SPRING MILLS, W.Va. (WDVM)– According to the Special Olympics Statistics, the unemployment rate of people with disabilities is more than double the general population. Berkeley County School’s Work Exploration Program is determined to beat the odds and give special needs students the opportunities of a lifetime.
“To know that they too can build their self-confidence.” said Transition Coordinator Salli Askin. “Have that self-determination one needs to go out and find a job and also to increase their productivity and become more self-assured and more independent.”
The program is designed to give special education students valuable work experience, which will hopefully set the students up for life after high school. However, the program has suffered major budget cuts and has dropped half of its job specialists.
“The businesses are also suffering because we are only able to go to each business twice a quarter so not only will we might lose support with the businesses but we also might lose support with the businesses as well.” said Work Exploration Job Specialist Emily Sine.

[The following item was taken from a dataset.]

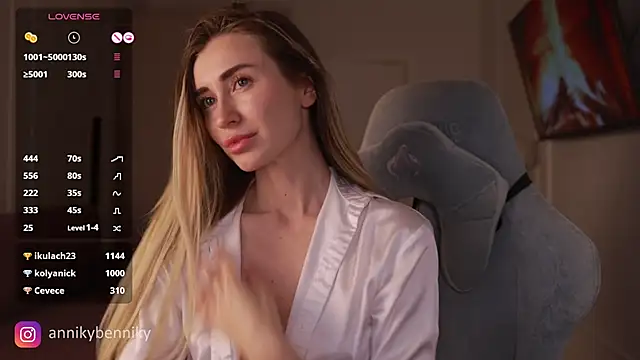 Coconutkittyy online show from 18, 3, 2025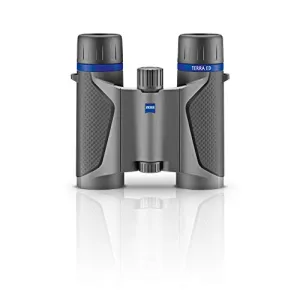 ZEISS Terra ED Pocket Binoculars, 8x25, Grey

Despite challenges, the program has expanded into 37 more businesses in the Spring Mills community and local students say they couldn’t imagine their lives without the program.
“It helped me whenever I needed help learning how to work, and how to be honest, and truthful,” said Exploration Student James Kyne.
And for students who just need help learning simple everyday necessities, the program has gone far beyond expectations.
“I like helping my mom in the kitchen and I don’t know how to cut peppers so I came here to learn,” said Exploration Student Kinora Fogle.
The Work Exploration Program will be hosting a Transition Fair Friday at Musselman Highschool.